Querer está a mi alcance, pero hacer lo bueno, no. Pues no hago lo bueno que deseo, sino que obro lo malo que no deseo. Y si lo que no deseo es precisamente lo que hago, no soy yo el que lo realiza, sino el pecado que habita en mí. (…) ¡Desgraciado de mí! ¿Quién me librará de este cuerpo de muerte? ¡Gracias a Dios, por Jesucristo nuestro Señor! (Rm. 7,18-25).
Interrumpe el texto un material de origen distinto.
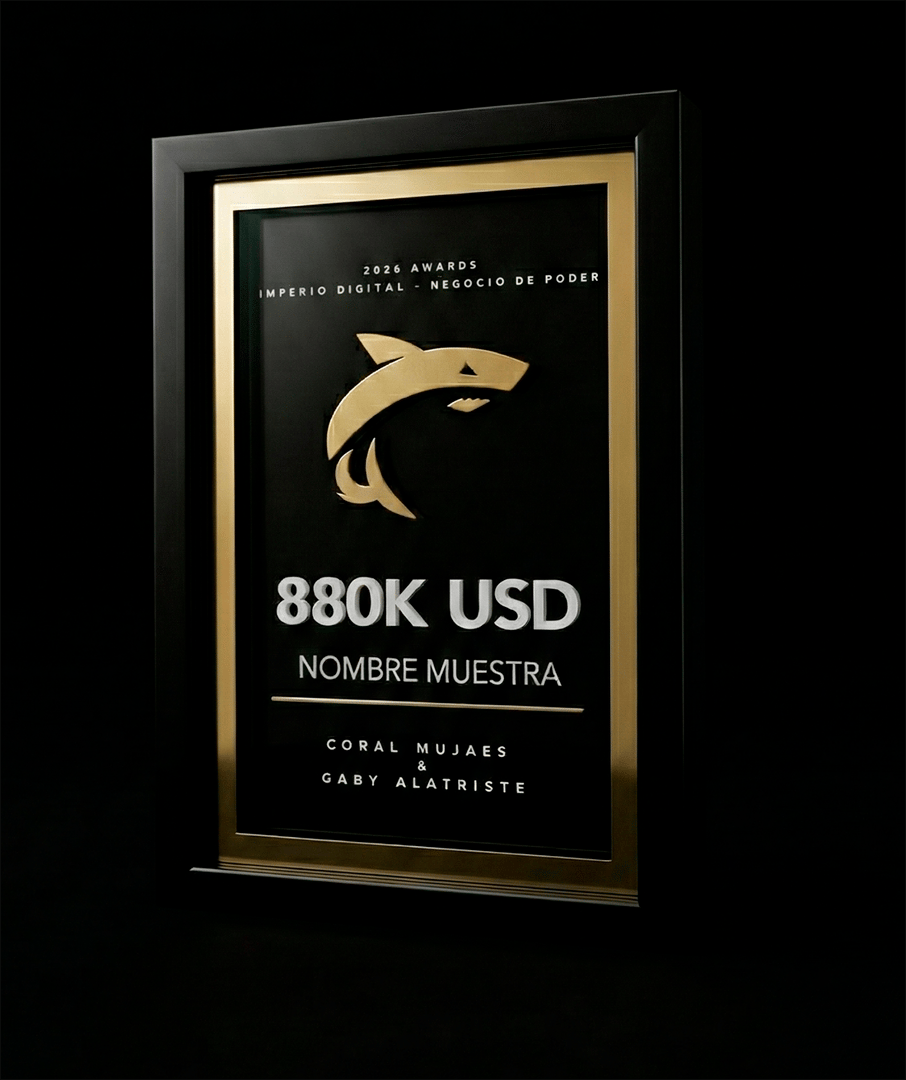 Reconocimiento de acrílico negro con marco dorado y tiburón dorado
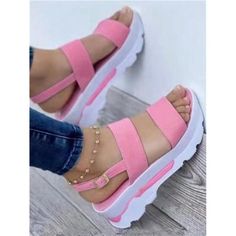 -Item Id 31855998 -Color: Pink -Toe: Open Toe -Pattern Type: Letter, Plain -Details: Buckle -Strap Type: Ankle Strap -Heels: Wedges -Heel Height: Low Heel -Upper Material: Suedette -Lining Material: Pu Leather -Insole Material: Polyester -Outsole Material: Rubber **Open To Offers!!!** **Bundle To Save More** **30% Off Bundles Of 2 Or More Items!!** ***Orders Go Out Within 5-10 Business Days!! Thank You For Your Patience!! Multiple Sizes And Colors Available In Most Styles Don't See Your Size Or Trendy Pink Wedge Sandals For Vacation, Large Size Womens Shoes, Platform Wedges Shoes, Womens Sandals Summer, Wedges Style, Womens Sandals Wedges, Womens Summer Shoes, Leather Platform Sandals, Estilo Punk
En estas palabras de san Pablo se condensa el drama más profundo del alma humana: el desgarramiento entre el deseo del bien y la fuerza del mal. No habla aquí el apóstol desde la teoría, sino desde su propia experiencia interior: la experiencia de todo hombre que lucha sinceramente por vivir en gracia. Dentro de nosotros hay una ley que nos impulsa hacia Dios; y otra que nos arrastra al egoísmo, a la ira, a la codicia y a la sensualidad. Es la batalla interior que cada día libramos entre la luz y las tinieblas, entre el amor a Dios y al prójimo, y el amor propio, que es raíz de toda soberbia.
Pablo no se lamenta para quedarse en la queja y el lloriqueo inútiles, sino para confesar su impotencia y abrirse totalmente a la gracia. Está convencido de que la victoria no viene del esfuerzo humano, sino del poder de Cristo. Él nos libra de este “cuerpo de muerte”, no destruyendo nuestra fragilidad, sino uniéndose íntimamente a ella. En Él el fracaso se transforma en esperanza, la herida en fuente de salvación, y la debilidad en lugar donde puede revelarse la gloria de Dios. Quien se reconoce pobre, necesitado, incapaz de salvarse por sí mismo, está ya cerca del Reino de Dios, porque solo el que se sabe enfermo puede dejarse curar.
Jesús, Señor y Salvador nuestro, Tú conoces nuestra lucha, nuestras caídas y nuestras contradicciones. Ven a librarnos de este cuerpo de muerte, de todo lo que nos aleja del amor. Haznos humildes para reconocer nuestra pobreza y fuertes con la fuerza de tu gracia. Que en ti encontremos siempre la victoria que no podemos alcanzar solos. Amén.